February 27, 2005

My Pants!

Which reminds me, there seems to be some words I say differently than anyone else. Pants being one of them. I remember visiting Toronto in my youth and people commenting on how I had an accent. Then, going to Vancouver and people saying I had an accent. Yet both times I was visiting with people from the same place I was from who did not have said accent. Fine then.

So this weekend I started taking some appetite suppresants and a diuretic. Well, the primary function of the appetite suppresants are not to be appretite suppresants and to be other things, because we all know we don't want to suppress my appetite still, I am taking them though. The diuretic has had a diuretic effect. I am p'ing all the time. I wake up in the morning and think that I am going to burst. I woke up at 6:30 am on Sunday because of this. Yeah. I know. 6:30. I am also very thirsty and drink glass after glass of water, all the better to pee it out I guess. I would want my body to start taking other liquids and diureticing them out of my body (you know like neural fluid or serum). Other than that, I would hate to see what would happen if I wasn't on two different appetite suppressants. I think I would burst from all the over-eating. It is more like a continual graze with 4 larger consumption times that coincide around other people's meal times. I eat breakfast, snack all morning, eat an early lunch, snack all afternoon, eat an early dinner, snack, eat another dinner, snack, and go to bed. I wake up ravenous.

So why am I talking about my pants? Well, I have a large number in my closet that don't currently fit me because of the loss of the 10 - 12 pounds over the last 8 months. They are actually starting to fit again. Over the weekend. My clothes fit! Now maybe I can keep this up and gain the extra 10 pounds I have always wanted. Then I could start running again. But, I can't afford to buy a new wardrobe that would be required for those 10 extra pounds. I hope it isn't all water retention.

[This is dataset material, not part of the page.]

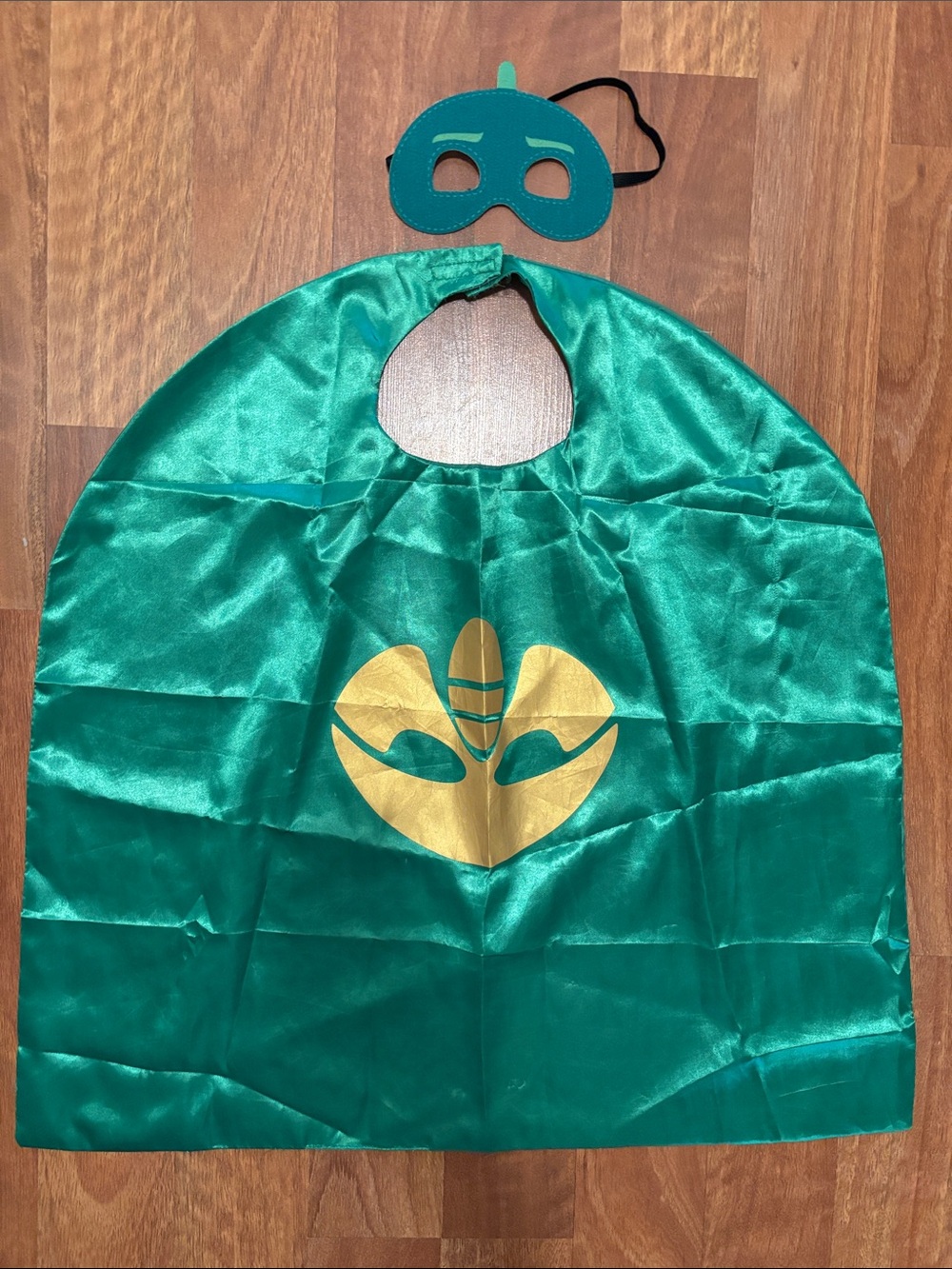 PJ Masks Gekko Cape and Mask Dress Up Set Fits Kids Size 4-6X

On the job front: I was supposed to see a lady about a job at a golf course today, but she didn't show up and I couldn't get there (I don't know my way around yet and my friend was too laden with kids to take me). So, tomorrow I go. Apparently, part of the job I would be getting is to drive around in a golf cart and sell beer to thirsty golfers. I am really looking forward to starting (if I talk to her and she likes me) because it actually sounds like a fun job. Also, it would give me a chance to re-hone my isolation crusted social skills and flirt for money. And when you leave, you leave. You don't have to worry about kids getting home and getting beat up, enough to eat, what you have planned for them the next day, if you could have handled that situation differently, if that person was pushed to far to read that day. But then I think about the years of post-secondary school I went to and what I could be doing instead of and I wonder if this is the appropriate use of me? I am not trying to be classist or anything, as I said, I am looking forward to the job (the actual position, not just the employment). I just have specialized training that could be beneficial to many but the system has a glut of people in my position who maybe aren't as good as me (really into tooting my own horn aren't I) but have made it there and are sticking. The system also keeps pushing out a glut more of people who want the same position I do because education is the only way to secure your future and these people are all around me too. Maybe I'll meet some of them when I am mixing drinks?

5 Comments:

Blogger Fist said...

After my first Masters degree, I got a job in a local supermarket in the town where I'm from. When my art teacher from school came through my checkout, she was so shocked to see me she dropped the two bottles of wine she was carrying.

Ha. Ha.

Good luck getting the job. Sounds, to me, better than teaching.

4:26 am  
Blogger Muss said...

So far so good. I have to go back tomorrow and talk to her ... and then go hopefully go and buy more black skirts to wear.
Did she have to pay for the wine?

8:09 pm  
Blogger Fist said...

Nah. Someone went to get her replacements, and she only got charged for them. All Supermarkets are like that in Britain, not sure why. Prolly because if you try to charge someone, they'll protest that it was someone else, that the product was sticking out, that it was unbalanced to begin with, and that they're never going to come back to this stinking hole of a shop again.

1:37 am  
Blogger Muss said...

Yeah, they do that here too. Sometimes.

8:24 am  
Blogger Fist said...

Breaking things for free is one of the sole pleasures of supermarket shopping, imho.